▶ **Exercise**:
Your copy of the entries below should hold exactly the lines from the one containing "Makeup and Hair By Traci" to the one containing "New 2026 Lexus RZ 350e Premium", inclusive, and no pictures.

▶ **Available data**:
★ ★ ★

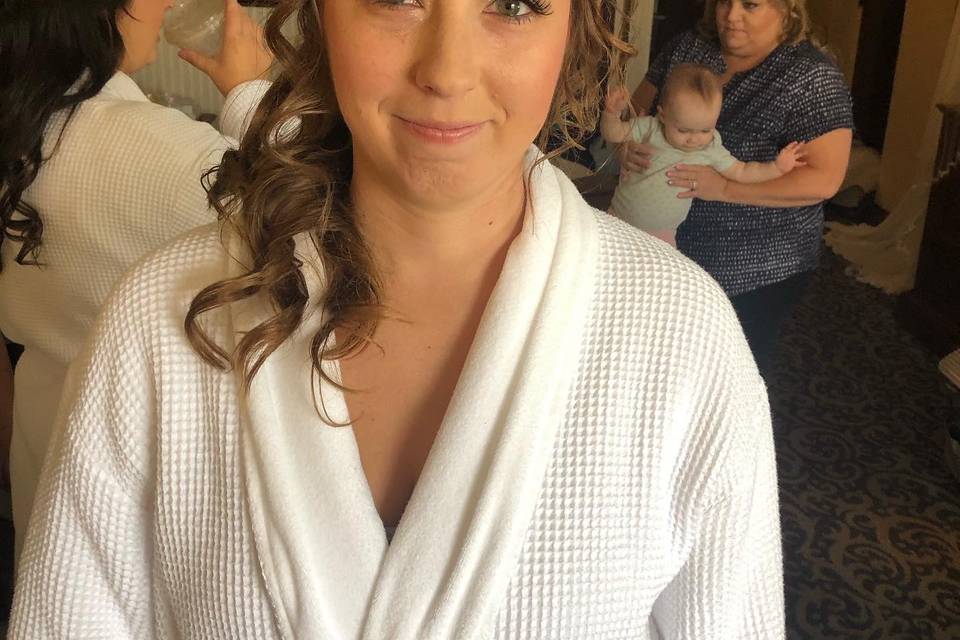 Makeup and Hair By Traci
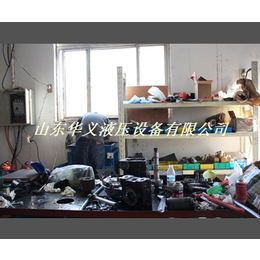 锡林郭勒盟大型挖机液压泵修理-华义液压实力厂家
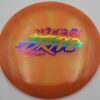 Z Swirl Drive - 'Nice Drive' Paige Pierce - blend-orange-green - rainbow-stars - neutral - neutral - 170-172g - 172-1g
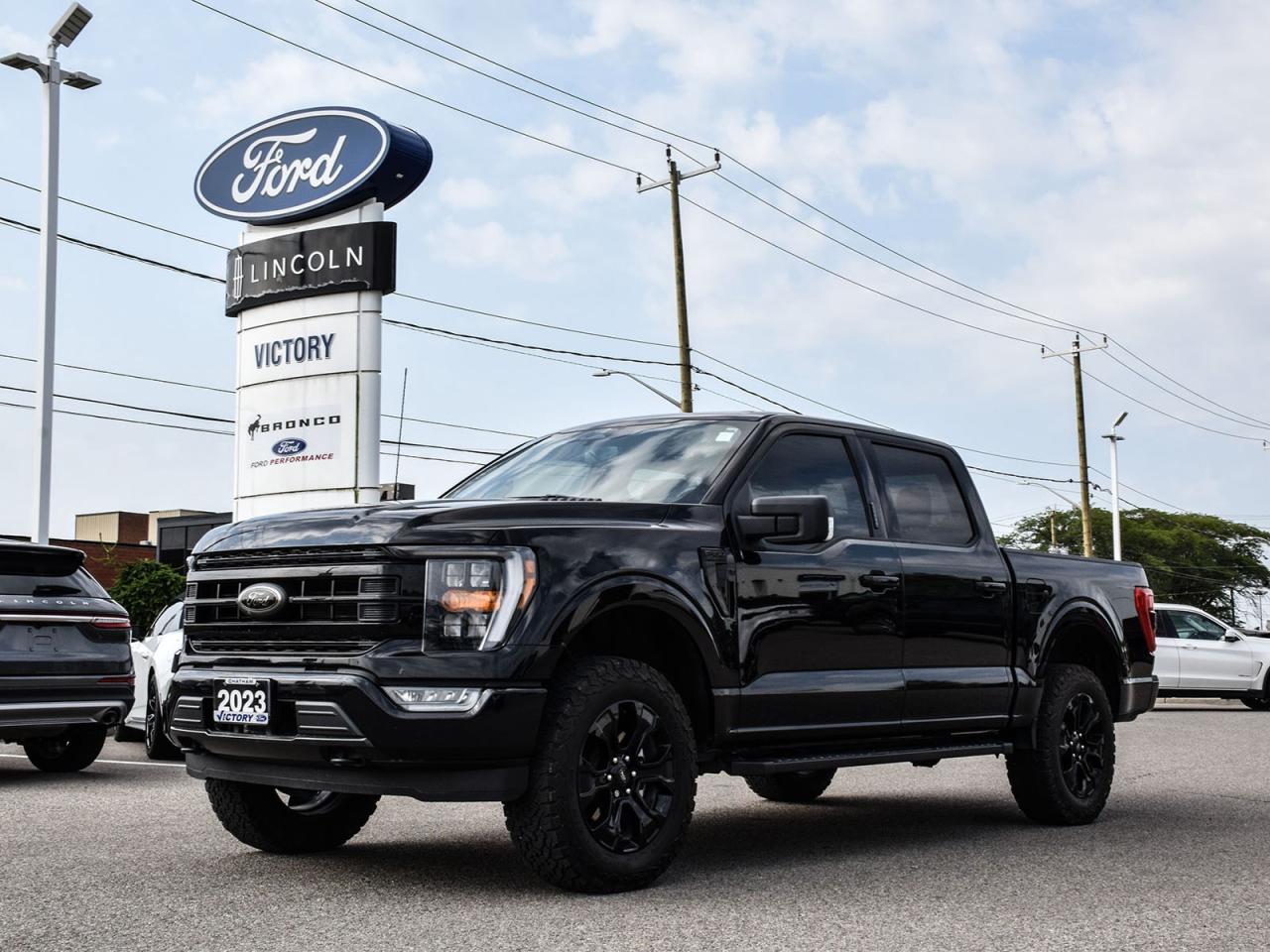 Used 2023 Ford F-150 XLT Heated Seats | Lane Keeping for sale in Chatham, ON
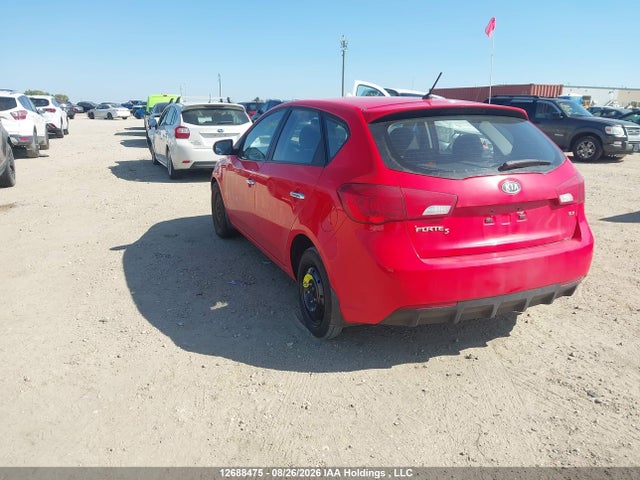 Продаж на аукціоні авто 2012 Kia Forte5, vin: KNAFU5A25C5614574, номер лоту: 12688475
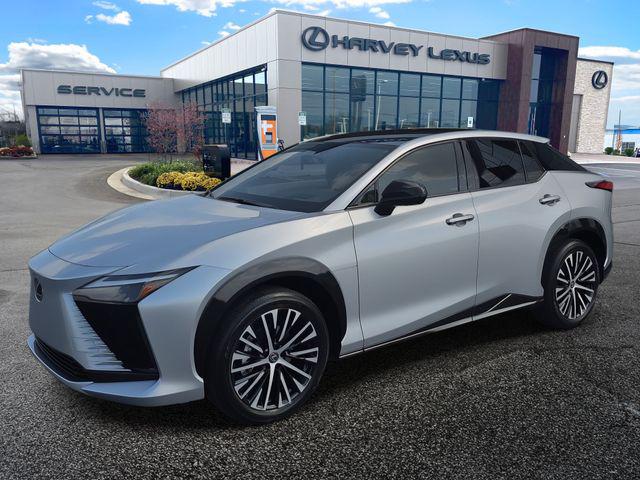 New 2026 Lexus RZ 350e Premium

★ ★ ★

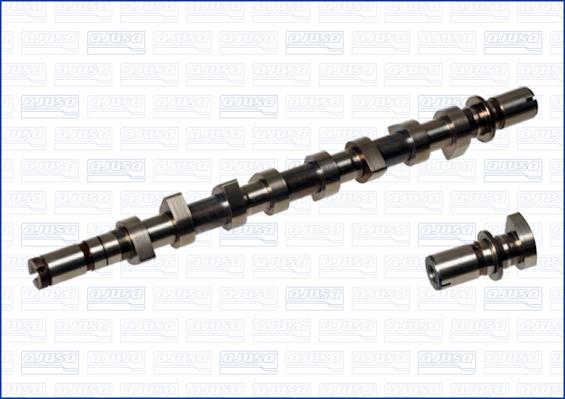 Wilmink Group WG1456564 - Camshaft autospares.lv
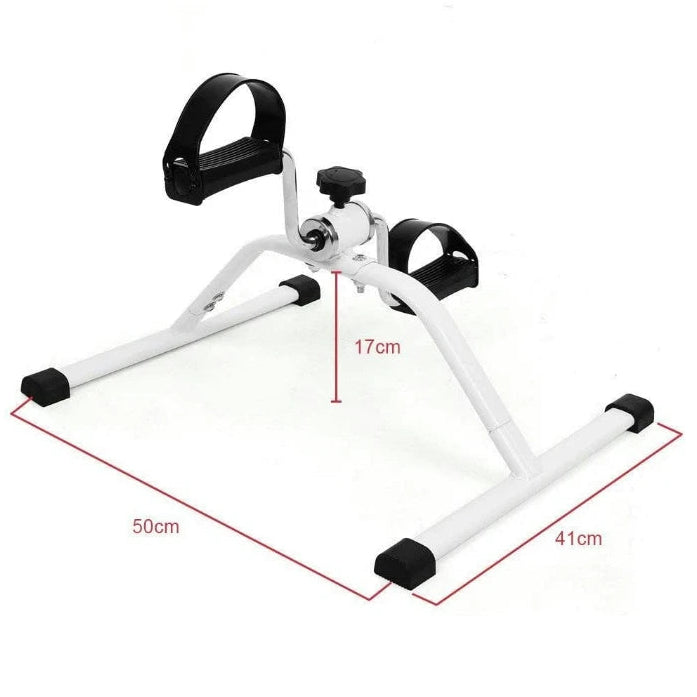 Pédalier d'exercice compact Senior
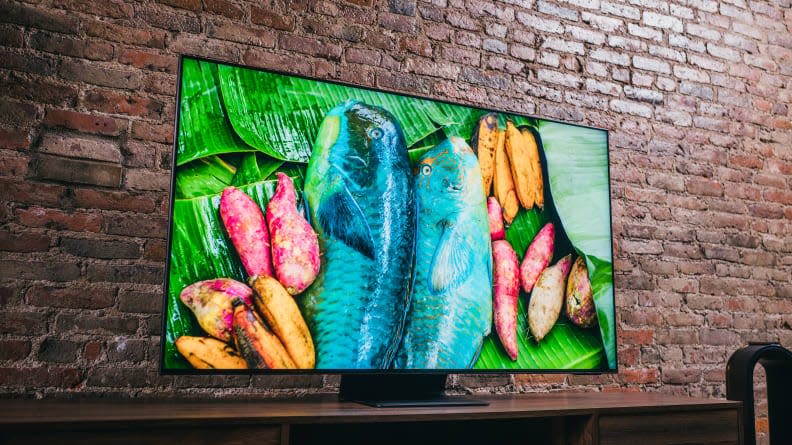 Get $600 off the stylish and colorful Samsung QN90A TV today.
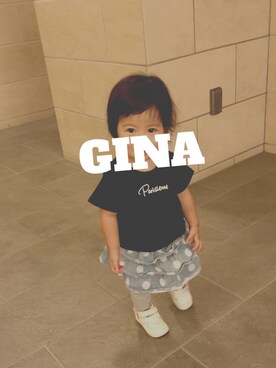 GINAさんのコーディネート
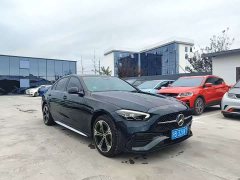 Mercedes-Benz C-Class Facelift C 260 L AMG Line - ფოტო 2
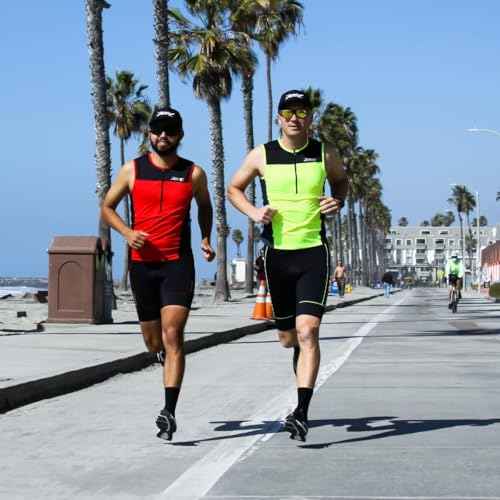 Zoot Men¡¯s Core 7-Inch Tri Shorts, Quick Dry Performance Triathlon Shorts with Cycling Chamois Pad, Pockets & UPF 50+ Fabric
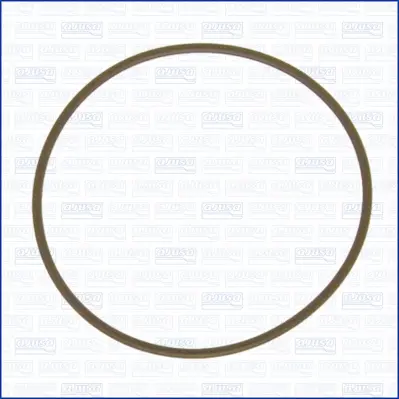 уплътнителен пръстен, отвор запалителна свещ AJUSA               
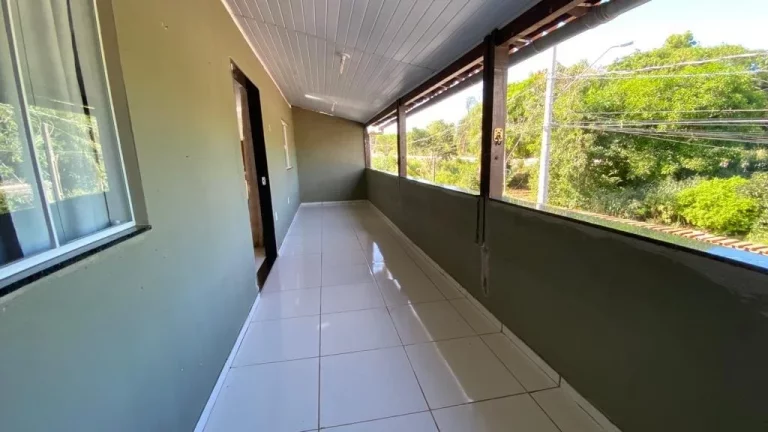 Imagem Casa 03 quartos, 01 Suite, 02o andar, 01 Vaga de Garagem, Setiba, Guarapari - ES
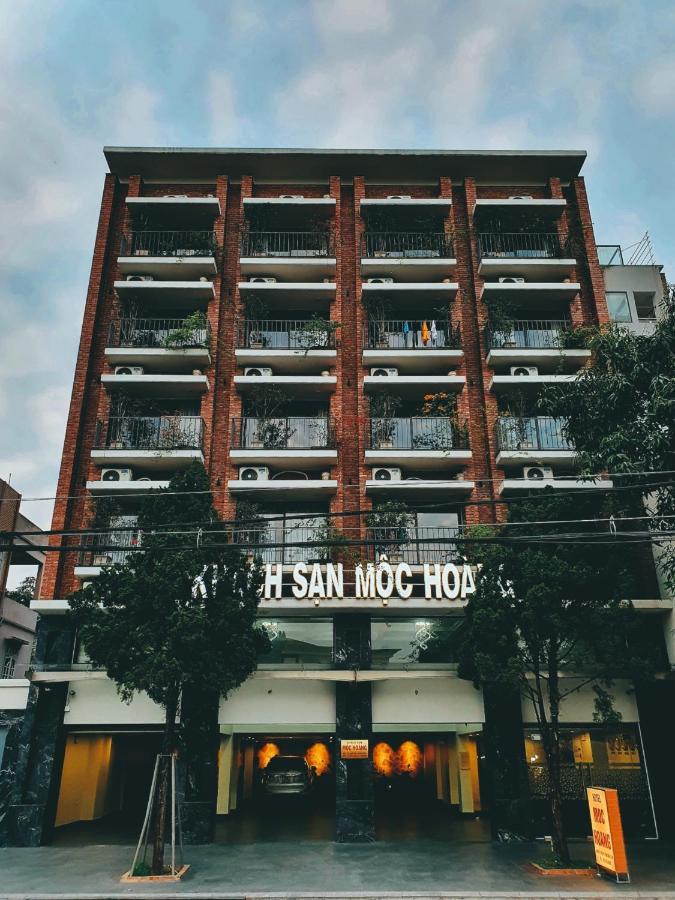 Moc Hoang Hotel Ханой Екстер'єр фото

★ ★ ★

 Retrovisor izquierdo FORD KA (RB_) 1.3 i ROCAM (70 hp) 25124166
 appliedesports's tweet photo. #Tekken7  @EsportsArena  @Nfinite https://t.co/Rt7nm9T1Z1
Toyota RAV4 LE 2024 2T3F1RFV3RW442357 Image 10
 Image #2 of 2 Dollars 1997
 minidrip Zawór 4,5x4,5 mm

★ ★ ★

▶ **Task result**:
 Makeup and Hair By Traci
 锡林郭勒盟大型挖机液压泵修理-华义液压实力厂家
 Z Swirl Drive - 'Nice Drive' Paige Pierce - blend-orange-green - rainbow-stars - neutral - neutral - 170-172g - 172-1g
 Used 2023 Ford F-150 XLT Heated Seats | Lane Keeping for sale in Chatham, ON
 Продаж на аукціоні авто 2012 Kia Forte5, vin: KNAFU5A25C5614574, номер лоту: 12688475
 New 2026 Lexus RZ 350e Premium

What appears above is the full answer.